Didnt really know what to call this thread, but found some interesting quotes from Michael Covel's book about PROFESSIONAL MONEY MANAGERS that held worldcom and enron until the very end.

And of course, analysts.



> Referring to $8.4million in WorldCom stock now only worth about $492,000: "Until you actually sell it, you haven't lost it" - Robert Leggett, Kentucky Retirement Systems.






> "If you had Enron in your portfolio and didnt sell it at $90 or even at $10, dont feel embarrassed. On the surface it had always seemed to be a fairly good growth stock. We bought it all the way down" - Alfred Harrison, money manager at Alliance Capital Management Holding LP.
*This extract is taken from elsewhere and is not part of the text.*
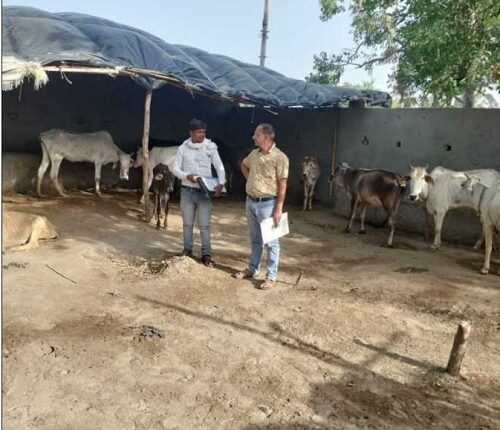 Inspection of Gaushalas - Sahaswan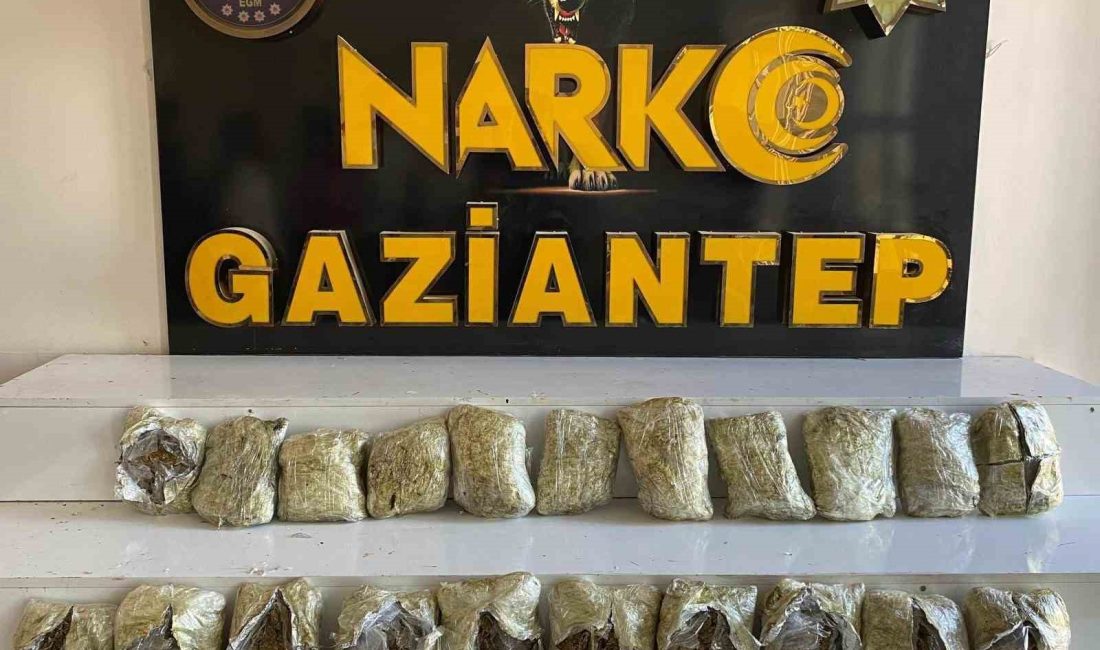 GAZİANTEP'TE BİR HAFTADA YAPILAN NARKOTİK OPERASYONLARINDA 86 KİLO SKUNK İLE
> "When people say the market is over-valued and there's a bubble, whatever that means, they're talking about a handful of stocks. Most of these stocks are reasonably priced. There's no reason for them to correct violenty anytime in the year 2000" - Larry Wachtel, Market Analyst, Prudential Securities December 23rd, 1999






> "Jan, the botton line is, before the end of the year, [2000] the NASDAQ and Dow will be at new record highs" - Myron Kandel, Financial Editor and Anchor CNNfn/Cofounder, CNN April 4th, 2000






> Enron stock was rated as "Can't miss" until it became clear that the company was in desperate trouble, at which point analysts lowered the rating to "sure thing". Only when Enron went completely under did a few bold analysts demote its stock to the lowest possible Wall Street analyst rating, "Hot Buy"


----------



## CanOz (28 March 2007)

Hilarious Nizar! Great thread, i hope i can find some gems like that!

Cheers,


----------



## tech/a (29 March 2007)

> Referring to $8.4million in WorldCom stock now only worth about $492,000: "Until you actually sell it, you haven't lost it" - Robert Leggett, Kentucky Retirement Systems.




Im sure this is miss quoted.

Wasnt this the Ducster??


----------



## nioka (29 March 2007)

I'm happy to hold dogs if the fundamentals are sound. Sometimes I sell to get the capital loss but buy in again. eg. TAS I had expected them to rise along with EDE as the value of their interests exceed their SP and they have some other value assets. I look at them as long term and will probably "exchange" the FPOs for options. Another I hold as a dog is MOS for similar reasons.
Any comments appreciated.

P.S. I held Sally Malay as a dog once. Glad I did.


----------